Input data Block Start
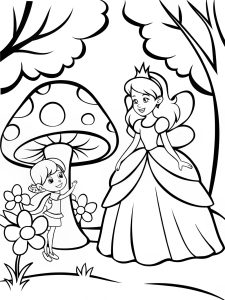 A princess meeting a tiny fairy on a mushroom coloring page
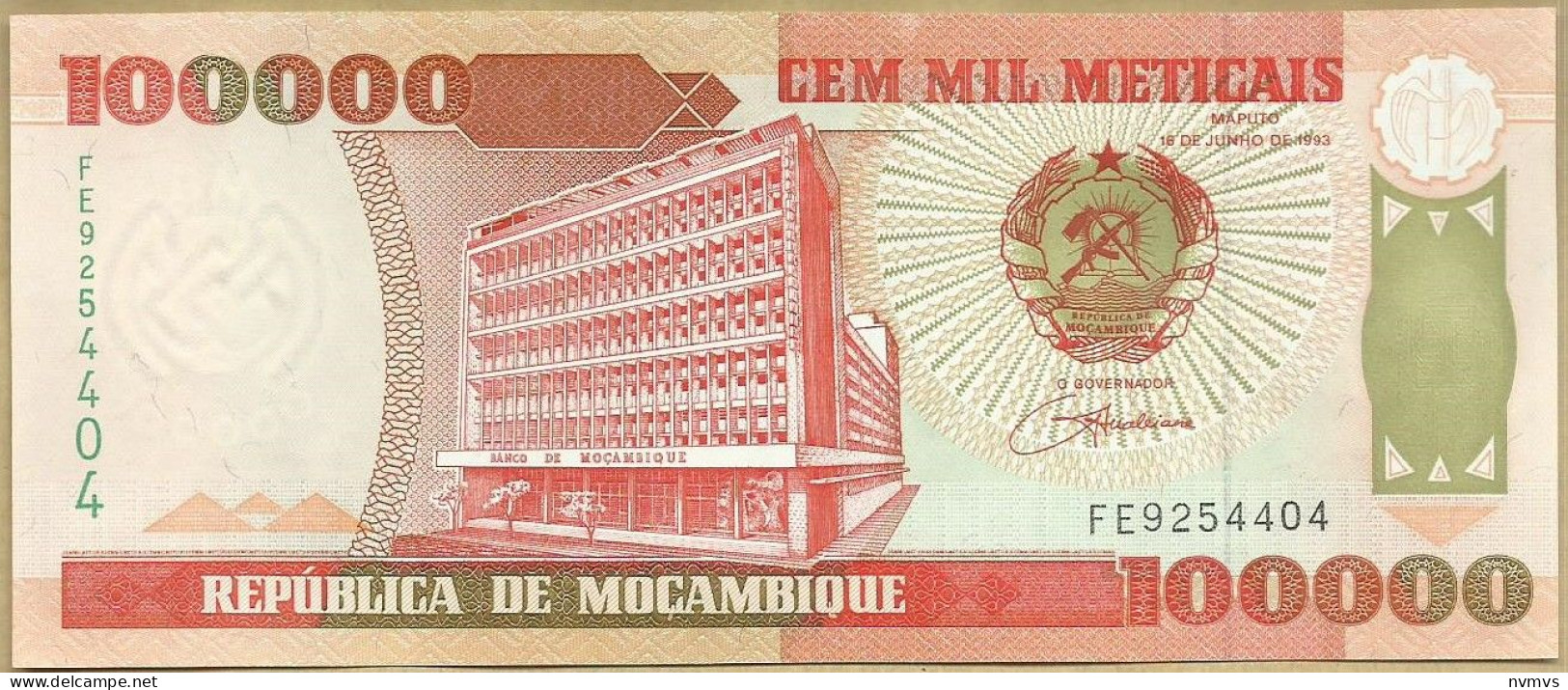 Moçambique 100000 Meticais 1993 - Moçambique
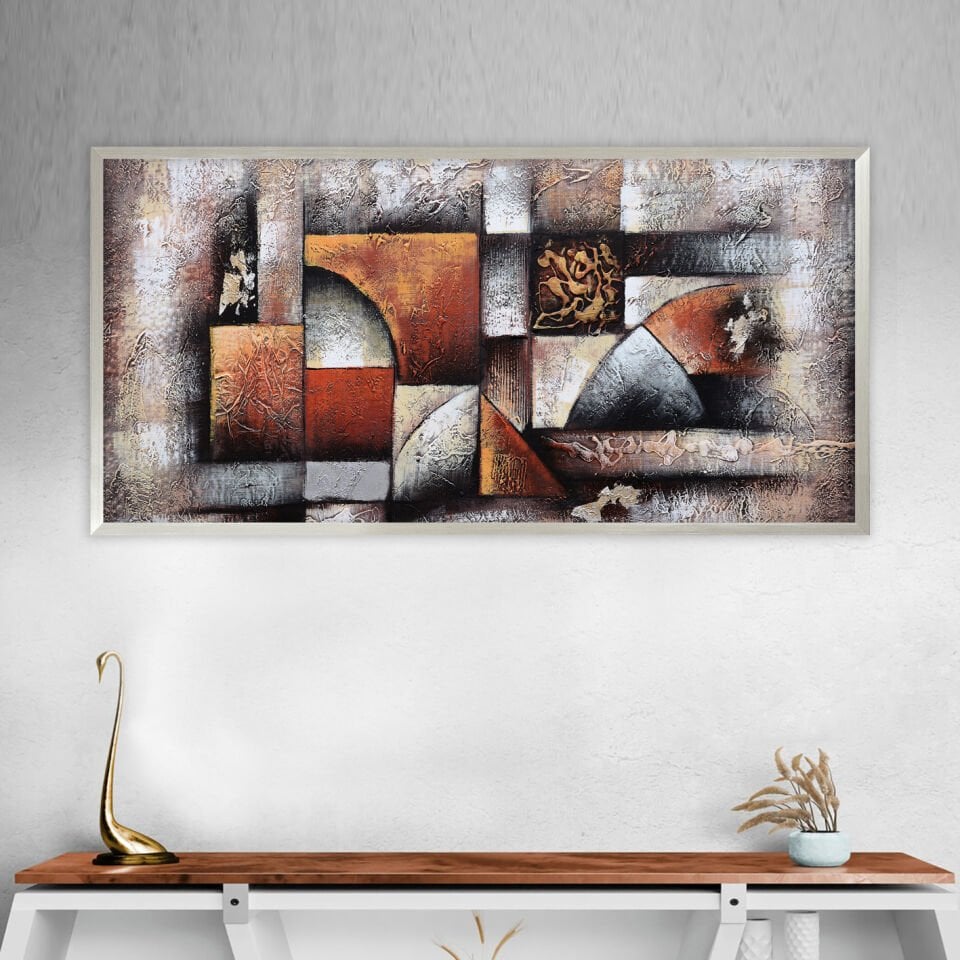 Düşey Ritm Soyut Dokulu Yağlıboya Tablo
Input data Block End
Drop the pictures and copy the data exactly.

§ Response for this exercise
 A princess meeting a tiny fairy on a mushroom coloring page
 Moçambique 100000 Meticais 1993 - Moçambique
 Düşey Ritm Soyut Dokulu Yağlıboya Tablo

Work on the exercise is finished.